There's a very brief sidewalk dance sequence early on in the film that gives clear indication why so may fans are fiercely loyal and just adore Kiera. There's lots of good portrayals in this movie, but there is just something special about her in this work, and it's one of the best things she's done. Watching the film, it naturally unfolds what is happening to her, and the evolution of her character to a place where we all fully realize she needs to be going. This is a very well made, and truly enjoyable little film. With characters that are fun to watch and briefly partake in their lives. All those responsible for casting are to be most highly praised.. the group they have put together is perfect for the production, none are out of place. It's the kind of film that can and should be watched again.. to be enjoyed as much as the first time round.

Reviewed by Nicole of ArchonCinemaReviews.com 7 / 10

Quirky commentary on quarter-life crisis - funny indie, almost too real.

Laggies would have been too big a mirror put up to my twenty-something crises-ed life were it not for the comedic value of the whole she-bang.

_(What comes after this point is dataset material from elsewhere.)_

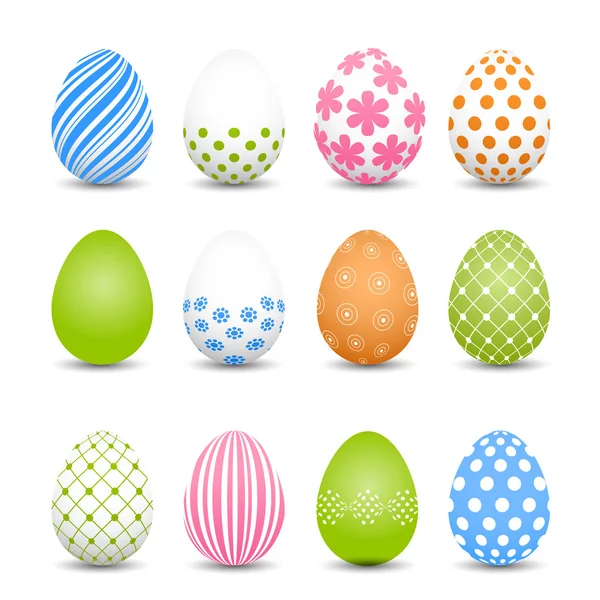 Conjunto de huevos de Pascua de colores sobre un fondo blanco — Vector de stock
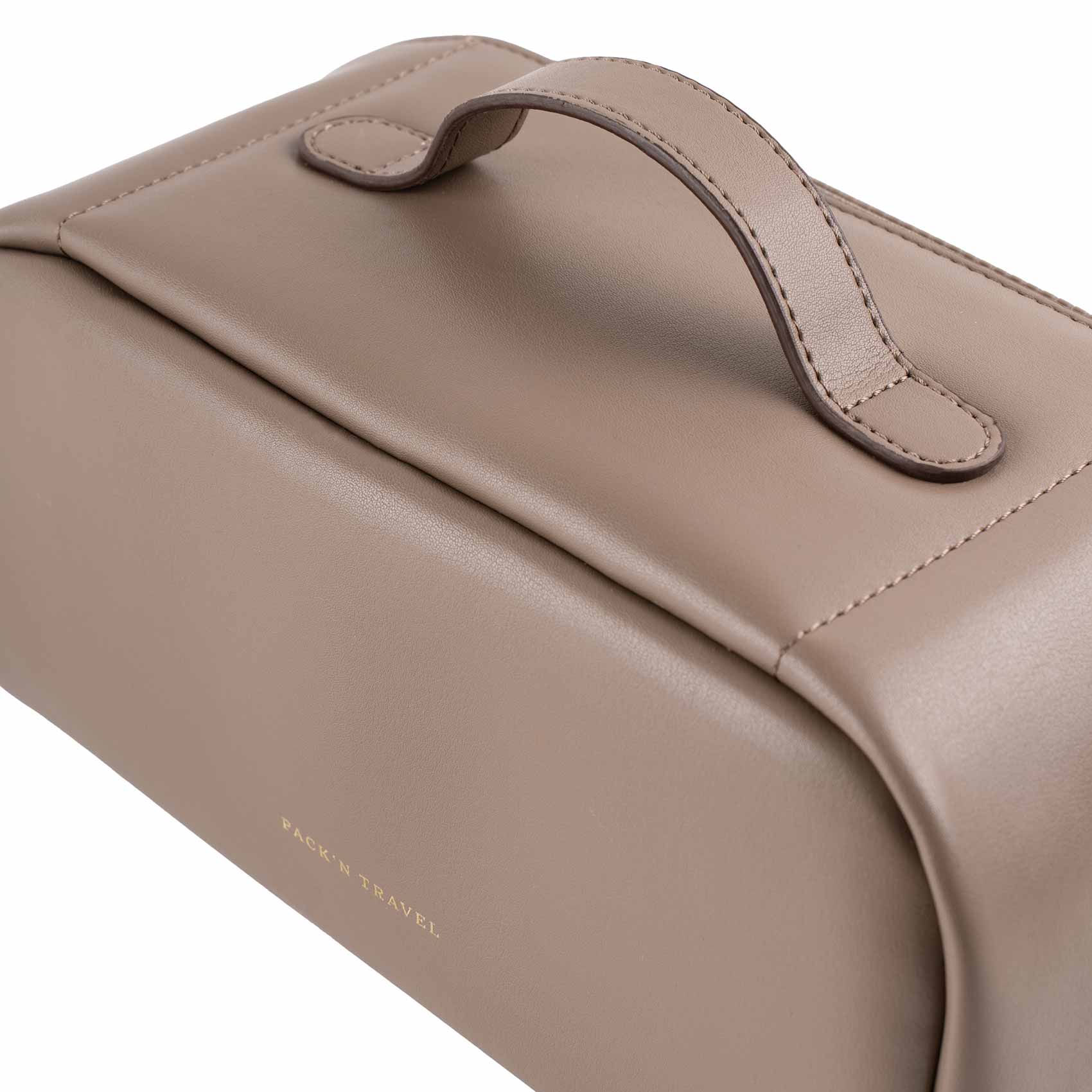 Luxury beige vegan leather make-up bag for stylish and organized beauty storage.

That's mildly dramatic but really Laggies is a very original take on the quarter-life crises beseeching the Millennial generation.

Megan (Keira Knightley) is an underachieving twenty-something resigned to an underwhelming existence of still dating her high school boyfriend and working for her father. Her friends are all doing the things you're supposed to be doing when you are in your mid-to-late twenties: getting married, having babies, buying a house, etcetera etctera. With a quarter-life crisis imminently on the horizon, Megan retreats to the home of new found friend Annika (Chloe Grace Moretz), a sixteen year old high school student.

The term Laggies comes from Megan's profoundly underwhelming inferior performance in life below her potential. She is in this debilitatingly immobilizing limbo of the mid-twenties when, having done what you thought you were supposed to do and following the path you thought you were supposed to follow, you find yourself 'here' but 'here' isn't where you want to be. Andrea Seigel's screenplay does a good job of satirically making fun of the trends Milennials are doing nowadays as they 'play' house – like first dances and potential baby names.

A good movie will have characters and themes you can identify with, that will help put a mirror to life and help you engage with the narrative. For some 20-somethings most of the film and Keira Knightley's portrayal of an existential crisis may be a bit too close for comfort. Thankfully Chloe Grace Moretz's character has a dad played by Sam Rockwell. Rockwell is the shining light of a comic savior within the film and lifts up the depressing moments of story to a entertainingly watchable movie.

Laggies is a fun one-time watch for 20-somethings to realize they could be more messed up and to find the humor within the perplexities of burgeoning adulthood.